→ DATA EXTRACT
.....
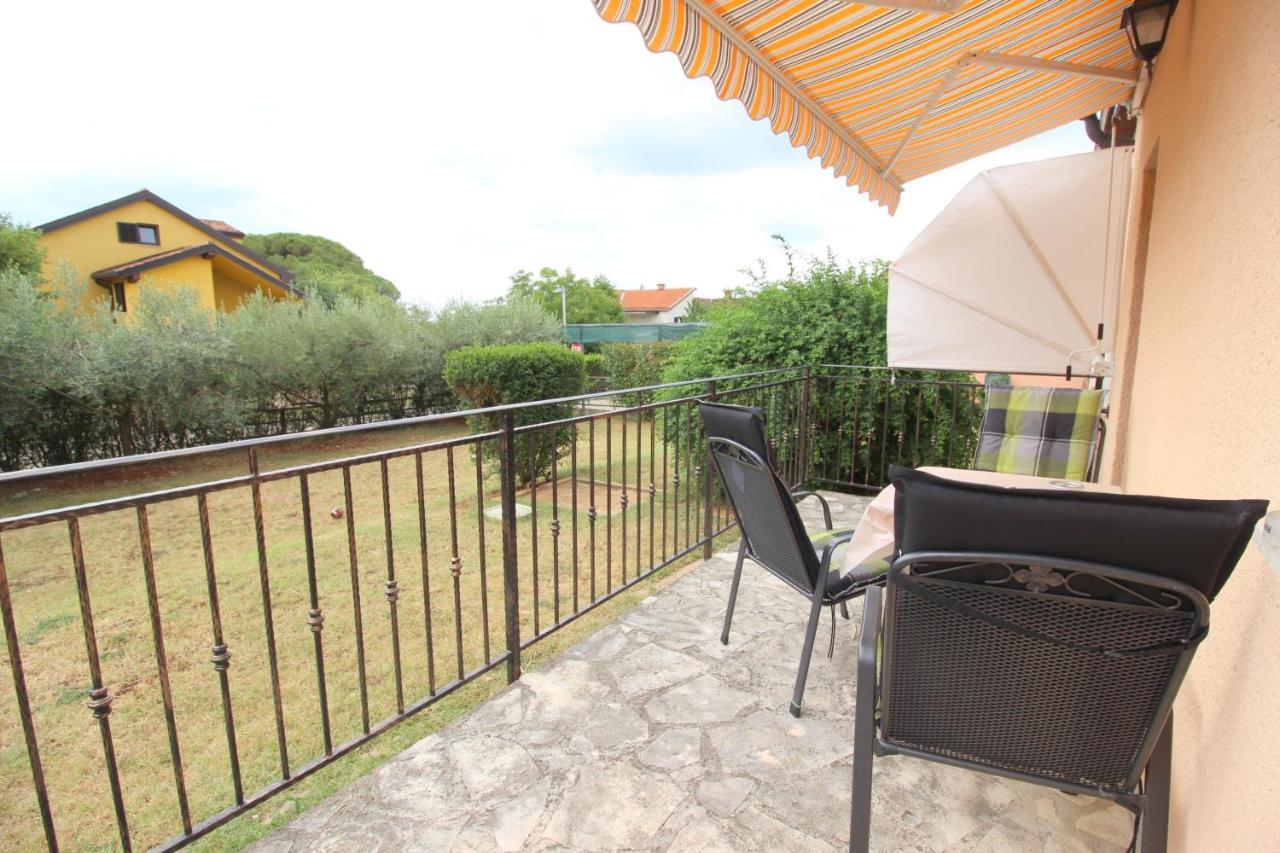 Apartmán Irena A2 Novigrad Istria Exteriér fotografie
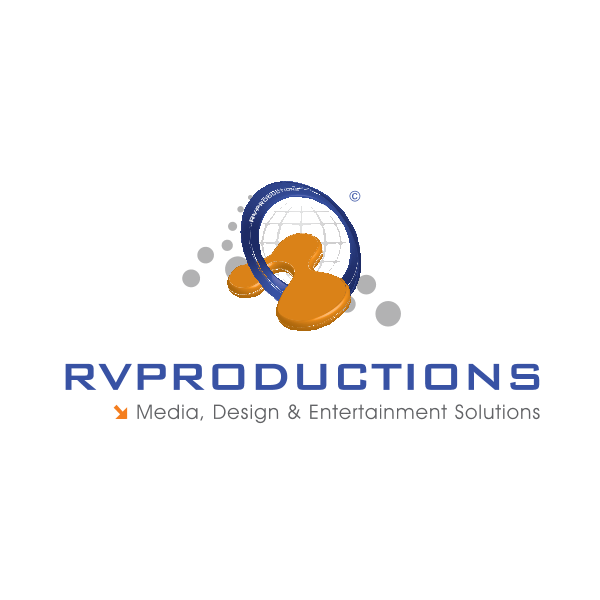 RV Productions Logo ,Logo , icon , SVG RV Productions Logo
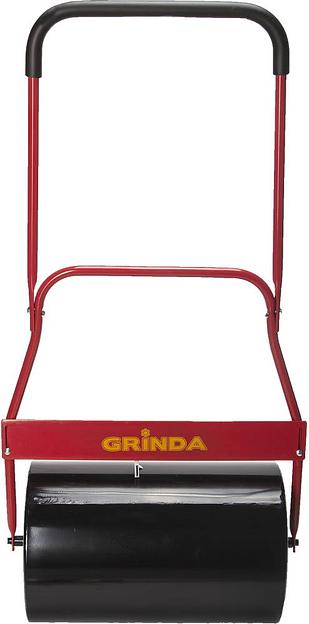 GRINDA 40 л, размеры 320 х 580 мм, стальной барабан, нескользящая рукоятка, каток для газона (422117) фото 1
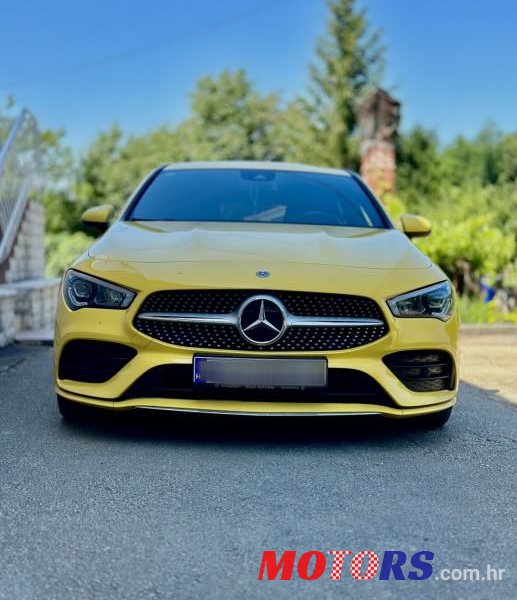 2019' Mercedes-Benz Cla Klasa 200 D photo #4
.....
→ EXERCISE
Repeat the listing word for word, but without its pictures.

→ RESULT
 Apartmán Irena A2 Novigrad Istria Exteriér fotografie
 RV Productions Logo ,Logo , icon , SVG RV Productions Logo
 GRINDA 40 л, размеры 320 х 580 мм, стальной барабан, нескользящая рукоятка, каток для газона (422117) фото 1
 2019' Mercedes-Benz Cla Klasa 200 D photo #4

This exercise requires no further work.